Однако, как это обычно всегда и случалось в жизни Гаврилова, он сам всё испортил. На поминках, выпив лишнего (так, что не в состоянии был контролировать собственные действия), он напрочь забыл, по какому поводу в их доме собрались гости. Владимир Иванович, к всеобщему удивлению, предложил выпить за молодых, решив, что находится не иначе, как на чьей-то свадьбе, справляемой в их доме, по причине отсутствия жилья у новобрачных. Тост этот вызвал явное неодобрение.
– Я т-те щас, Гаврилов, морду набью! – гаркнул Василий – старший сын покойной. Гаврилов хотел было затеять драку, но в тот момент что-то сдержало его – он опрокинул ещё пятьдесят граммов и закусил солёным огурцом.
– Володь! Ну что ты, ей-богу! – с укором шепнула ему на ухо супруга, тот в ответ игриво ущипнул её за руку.
Спустя ещё двадцать минут Владимир Иванович предложил выпить за именинника (-цу) – он путался в окончаниях, потому как не знал в точности, чей именно день рождения они празднуют.
– Зинаида! Уйми своего припадочного, или я и вправду ему сегодня морду набью! – предупредил сестру Василий Матвеевич.

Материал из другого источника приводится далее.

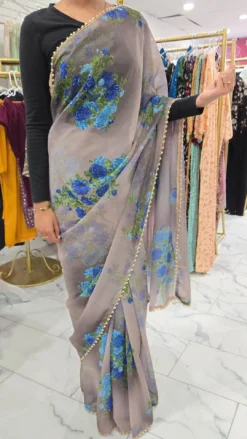 Chiffon Pearl Saree KC643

После второго неудачного тоста Гаврилов притих, но эта сдержанность его была обманчивой и говорила лишь об одном – Владимир Иванович готовился сделать какую-то очередную пакость. Он огляделся вокруг: Любашка (дочь Ивана и Галины) с Авророй сидели на балконе, забавляясь тем, что кидали вниз арбузные корки, четырёхлетняя Людочка (Виолеттина дочь, внучка безвинно осуждённого Павла Матвеевича) носилась сломя голову по коридору. Геня то и дело незаметно подливал в свой бокал, поставленный рядом с его тарелкой исключительно для лимонада, водку. Виолетта – пышнотелая, с косой до попы подналегла на холодец, Милочка с отцом (Александром Алексеевичем Вишняковым) сидели молча с такими выражениями на лицах, которые, собственно, и должны быть у людей, понесших тяжёлую и невосполнимую утрату. Василий Матвеевич рассказывал Зинаиде о своей новой пассии:
– Ну что я могу сделать? Я влюбился!
– А как же твоя жена? Как же Поля?
– И Поля с нами вместе живёт, – с поразительным спокойствием заявил он.

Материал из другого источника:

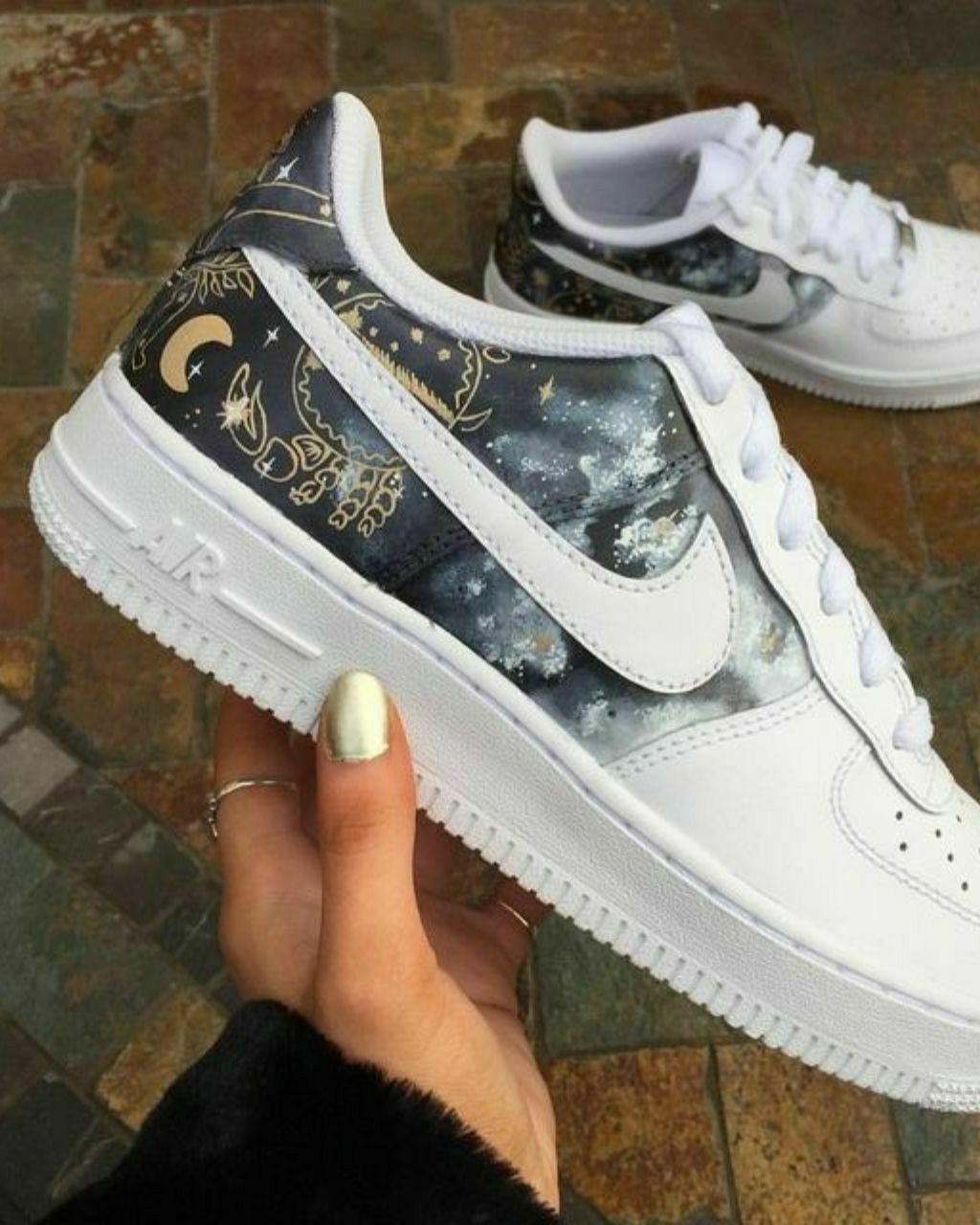 Galaxy And Moon Pattern Custom Air Force 1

– Ой! Вась! И как она только тебя терпит?! Я б на её месте уж давно с тобой развелась! К тому же и детей у вас нет.
– При чём тут дети – просто Полина меня любит, вот и всё, – с гордостью заявил он, пытаясь подцепить на вилку молоку.

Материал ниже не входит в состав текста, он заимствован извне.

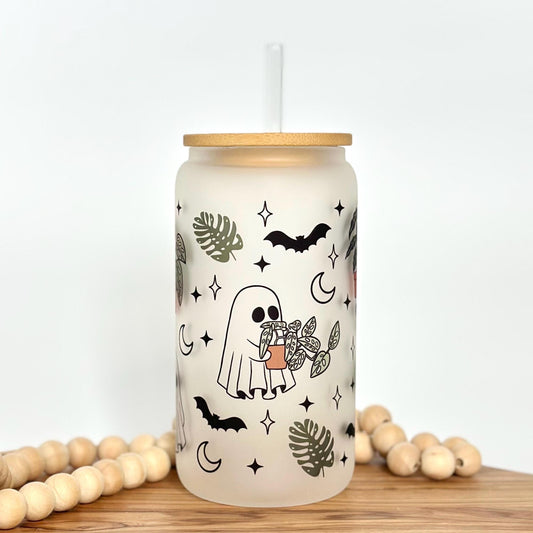 Halloween Iced Coffee Cup - 16oz Frosted Glass Tumbler with Plant Lover Ghost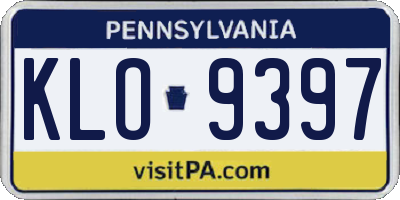 PA license plate KLO9397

– Как же втроём в одной-то комнате...
– Спим? Втроём и спим!
– Кошмар! Вась! Но это же ни в какие ворота не лезет!
– Да брось ты, Зин! Поля поначалу плакала, а теперь привыкла. К тому же Наська ей по хозяйству помогает.
Катерина Матвеевна ела мало, всё больше наливала себе вино – она, как и её усопшая мамаша, имела большую склонность к красному креплёному вину, только в отличие от родительницы ей никогда не бывало стыдно – она не пряталась под стол и не кукарекала – она любила бесконечно выяснять отношения (всё равно с кем), что почти всегда заканчивалось скандалом. Сейчас она пыталась вывести на чистую воду своего обожаемого Лёню.